Today, Tsukishima is famous as the Monjayaki town, with over 80 Monjayaki restaurants lining the Tsukishima Nishi-Nakadori Shotengai (also known as "Monja Street"). Tourists visit throughout the year to enjoy Monjayaki. As someone from Tohoku, Monja was not a familiar dish to me, but with my gourmet spirit ignited, I decided to try it in Tokyo.
I visited Tsukishima station to try the original Monjayaki at "Kindo," the pioneer of Monjayaki founded in 1950. Kindo is located just off Monja Street. Despite it being a holiday afternoon, I was lucky to get a table without much wait. As soon as I entered, I was greeted by the walls adorned with signatures of famous people, including one from actress Masami Nagasawa.
I ordered the "Mochi Cheese Mentaiko Monja," the specialty of Kindo. The Monja was served promptly. The appearance and portion were impressive. You could tell it was going to be delicious! You can choose to cook the Monja yourself or have the staff do it for you. Since it was my first time, I opted for the staff to cook it. They did it skillfully and efficiently, almost like a show.
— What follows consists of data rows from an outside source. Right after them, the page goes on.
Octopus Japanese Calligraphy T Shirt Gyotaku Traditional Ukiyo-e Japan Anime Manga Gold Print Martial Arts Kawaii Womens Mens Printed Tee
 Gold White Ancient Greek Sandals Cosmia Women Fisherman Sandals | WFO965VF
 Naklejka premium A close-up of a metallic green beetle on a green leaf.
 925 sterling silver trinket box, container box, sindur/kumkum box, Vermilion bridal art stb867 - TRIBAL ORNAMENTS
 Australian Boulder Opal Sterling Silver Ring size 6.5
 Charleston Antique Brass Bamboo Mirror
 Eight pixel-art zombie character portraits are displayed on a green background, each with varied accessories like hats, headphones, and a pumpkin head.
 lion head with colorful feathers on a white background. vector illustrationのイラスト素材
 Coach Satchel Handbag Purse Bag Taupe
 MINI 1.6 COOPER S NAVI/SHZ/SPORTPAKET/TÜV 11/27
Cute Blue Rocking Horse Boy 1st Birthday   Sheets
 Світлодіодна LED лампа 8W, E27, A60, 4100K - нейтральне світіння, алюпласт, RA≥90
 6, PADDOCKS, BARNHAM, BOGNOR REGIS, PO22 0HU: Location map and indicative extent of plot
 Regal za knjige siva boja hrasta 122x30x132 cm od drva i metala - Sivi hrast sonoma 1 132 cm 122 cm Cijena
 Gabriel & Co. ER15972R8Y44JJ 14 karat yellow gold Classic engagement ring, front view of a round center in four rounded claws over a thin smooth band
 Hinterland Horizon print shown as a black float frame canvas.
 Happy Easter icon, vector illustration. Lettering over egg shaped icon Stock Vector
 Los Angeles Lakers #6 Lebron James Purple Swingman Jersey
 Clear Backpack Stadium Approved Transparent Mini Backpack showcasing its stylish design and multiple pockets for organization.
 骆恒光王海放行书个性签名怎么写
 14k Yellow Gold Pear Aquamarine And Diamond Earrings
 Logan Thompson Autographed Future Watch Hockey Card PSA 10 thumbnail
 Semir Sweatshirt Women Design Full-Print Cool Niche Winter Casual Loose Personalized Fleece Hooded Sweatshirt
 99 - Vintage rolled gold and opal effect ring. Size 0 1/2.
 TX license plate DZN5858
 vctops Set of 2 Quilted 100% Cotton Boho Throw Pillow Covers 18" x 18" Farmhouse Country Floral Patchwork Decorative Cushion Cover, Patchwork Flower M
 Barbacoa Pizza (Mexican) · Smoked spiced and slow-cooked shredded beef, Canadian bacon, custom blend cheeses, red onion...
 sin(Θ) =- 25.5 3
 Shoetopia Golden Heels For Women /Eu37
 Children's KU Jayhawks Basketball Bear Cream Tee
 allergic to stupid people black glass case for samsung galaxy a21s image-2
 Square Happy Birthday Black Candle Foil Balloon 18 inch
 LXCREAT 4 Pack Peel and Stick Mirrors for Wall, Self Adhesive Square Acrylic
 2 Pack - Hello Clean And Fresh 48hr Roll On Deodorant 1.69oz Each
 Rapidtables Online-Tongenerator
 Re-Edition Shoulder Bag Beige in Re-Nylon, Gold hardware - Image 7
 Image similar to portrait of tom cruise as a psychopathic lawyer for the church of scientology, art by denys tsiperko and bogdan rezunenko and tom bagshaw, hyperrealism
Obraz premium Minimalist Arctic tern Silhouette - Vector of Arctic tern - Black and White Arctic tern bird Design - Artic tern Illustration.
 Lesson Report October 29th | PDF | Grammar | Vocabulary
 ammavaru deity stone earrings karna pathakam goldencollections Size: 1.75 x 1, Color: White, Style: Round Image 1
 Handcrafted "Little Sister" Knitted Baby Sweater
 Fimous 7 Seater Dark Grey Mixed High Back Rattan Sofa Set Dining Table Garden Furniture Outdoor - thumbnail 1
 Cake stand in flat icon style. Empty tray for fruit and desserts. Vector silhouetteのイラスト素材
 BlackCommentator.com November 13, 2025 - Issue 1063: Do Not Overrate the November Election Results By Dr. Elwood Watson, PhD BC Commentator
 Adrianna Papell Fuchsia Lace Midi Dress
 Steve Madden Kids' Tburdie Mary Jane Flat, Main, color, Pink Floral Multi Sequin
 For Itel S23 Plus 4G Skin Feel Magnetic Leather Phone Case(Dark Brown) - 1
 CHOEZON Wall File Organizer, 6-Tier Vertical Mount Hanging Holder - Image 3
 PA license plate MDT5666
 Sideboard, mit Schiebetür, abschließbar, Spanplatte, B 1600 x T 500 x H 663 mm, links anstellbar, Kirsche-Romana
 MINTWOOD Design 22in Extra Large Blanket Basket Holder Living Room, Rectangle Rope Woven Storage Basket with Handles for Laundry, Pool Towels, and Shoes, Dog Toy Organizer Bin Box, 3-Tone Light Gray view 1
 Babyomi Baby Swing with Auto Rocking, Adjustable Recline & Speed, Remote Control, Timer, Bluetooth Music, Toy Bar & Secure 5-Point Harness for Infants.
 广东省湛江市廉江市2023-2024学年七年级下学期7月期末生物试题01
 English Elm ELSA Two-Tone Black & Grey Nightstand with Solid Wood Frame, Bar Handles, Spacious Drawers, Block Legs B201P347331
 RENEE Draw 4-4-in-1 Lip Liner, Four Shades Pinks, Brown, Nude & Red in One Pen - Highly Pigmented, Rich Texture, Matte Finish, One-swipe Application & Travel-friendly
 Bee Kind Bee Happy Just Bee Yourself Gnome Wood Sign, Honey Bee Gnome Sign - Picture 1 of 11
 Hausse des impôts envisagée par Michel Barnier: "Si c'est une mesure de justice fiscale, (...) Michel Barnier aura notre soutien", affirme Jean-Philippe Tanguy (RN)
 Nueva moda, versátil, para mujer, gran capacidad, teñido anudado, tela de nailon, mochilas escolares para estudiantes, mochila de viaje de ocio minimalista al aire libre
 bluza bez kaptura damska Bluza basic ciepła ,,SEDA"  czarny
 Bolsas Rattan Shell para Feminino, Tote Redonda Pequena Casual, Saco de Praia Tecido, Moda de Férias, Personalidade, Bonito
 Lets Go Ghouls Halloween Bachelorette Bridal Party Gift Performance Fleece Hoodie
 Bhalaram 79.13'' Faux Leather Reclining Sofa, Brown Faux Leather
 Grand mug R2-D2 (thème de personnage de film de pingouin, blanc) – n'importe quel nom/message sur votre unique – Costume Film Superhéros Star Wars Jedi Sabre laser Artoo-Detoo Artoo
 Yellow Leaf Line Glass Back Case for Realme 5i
Once it was ready, I dug in! The taste of authentic Monjayaki was a delight! The cabbage was sweet and crispy, the mentaiko's spiciness paired perfectly with the mildness of the cheese, and the mochi added a nice chewy texture. The broth enhanced the overall flavor. This dish was incredibly satisfying and I could have eaten more!
The Mochi Cheese Mentaiko Monja is a representative dish of modern Monjayaki and is a must-try at any Monjayaki restaurant. I highly recommend visiting Tsukishima station and trying it for yourself! Enjoy your meal!